Kverno

No need for self-reproach if the name of Trond HF Kverno is unknown to you. Born in 1945, a hymn-writer, an organist and ordained deacon, he’s a leading light in contemporary Norwegian church music, and so a natural perimeter divides his activities from the wider sphere. None the less, as a musician speaking from a country that clearly takes its own traditions of religious music seriously, he’s worthy of note in those parts of the world that do likewise.

Our rating

4

Published: January 20, 2012 at 3:20 pm

COMPOSERS: Kverno
LABELS: Aurora
WORKS: St Matthew Passion
PERFORMER: Marianne Hirsti (soprano), Marianne E Andersen (mezzo-soprano), Robin Blaze (countertenor), Joseph Cornwell, Ian Lyon, Daniel Norman, Ian Partridge (tenor), Colin Campbell (baritone), Adrian Peacock, Njål Sparbo (bass); Oslo Cathedral Choir/Terje Kvam
CATALOGUE NO: ACD 4994

No need for self-reproach if the name of Trond HF Kverno is unknown to you.
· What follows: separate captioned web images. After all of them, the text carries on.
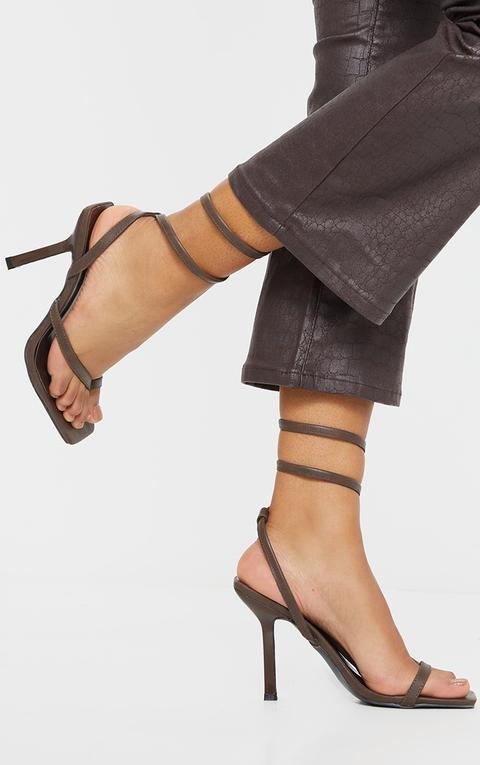 Brown Square Toe Spring Ankle Strap Heel Sandals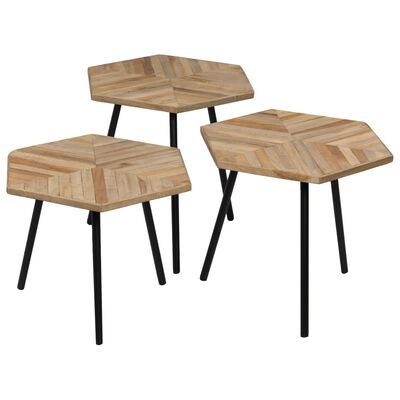 vidaXL 3 Piece Coffee Table Set Reclaimed Teak Hexagonal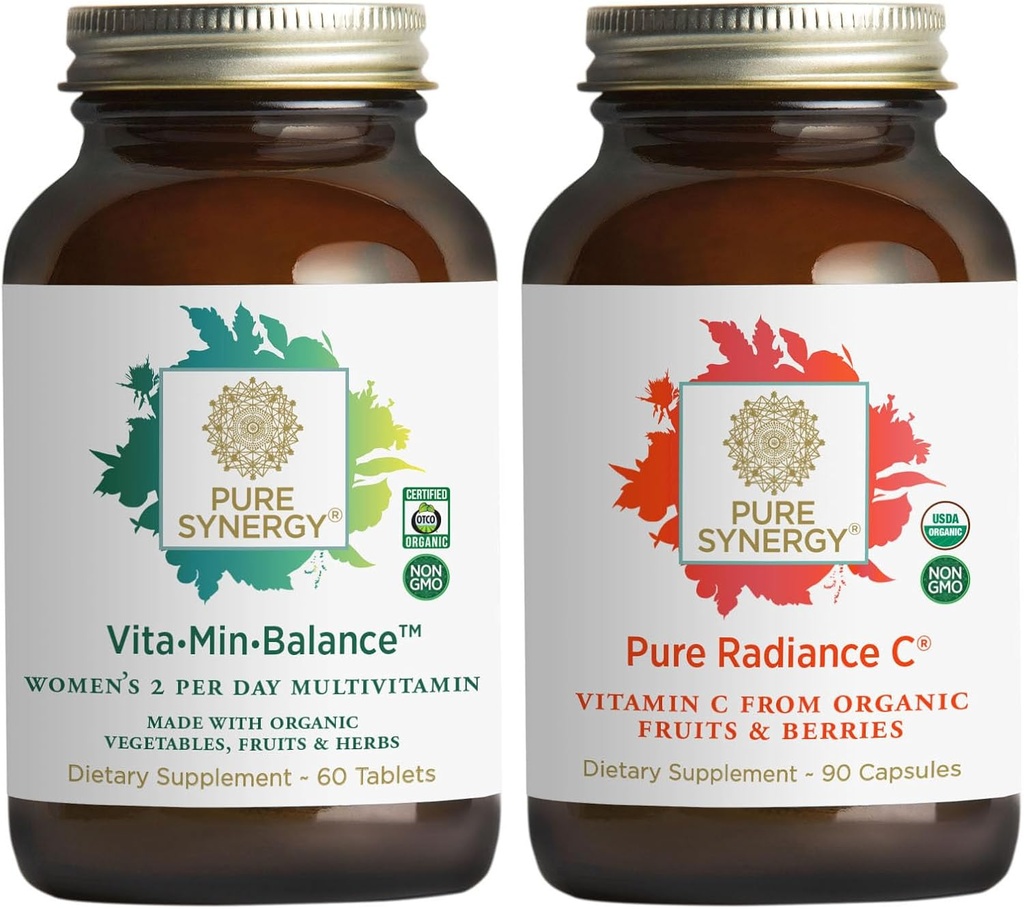 PURE SYNERGY Women’s Multivitamin, Stress, Energy Essentials Bundle | Adaptogens를 이용한 전체 식품 멀티 | 천연 비타민 C 면역 및 피부 보충 | Vegan, Non-GMO, 유기 성분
Born in 1945, a hymn-writer, an organist and ordained deacon, he’s a leading light in contemporary Norwegian church music, and so a natural perimeter divides his activities from the wider sphere. None the less, as a musician speaking from a country that clearly takes its own traditions of religious music seriously, he’s worthy of note in those parts of the world that do likewise. In Germany, Great Britain and North America this recording of his unaccompanied St Matthew Passion of 1986 should reach out to a discerning audience.

If you’re tempted, first try revisiting that benchmark of a cappella settings: the St Matthew Passion of Heinrich Schütz. Comparisons between the two are not unflattering to the Scandinavian, whose skilful use of double choir sustains a variety of means over some 90 minutes of music. The diversity is not only of texture. Kverno’s comment that his work lies between Romanesque and Gothic applies to its sentiment, not its style. His language is broadly tonal and accessible, and moves with ease from bare, declamatory lines and plangent tritonal choruses to quiet, folk-like settings of telling intimacy.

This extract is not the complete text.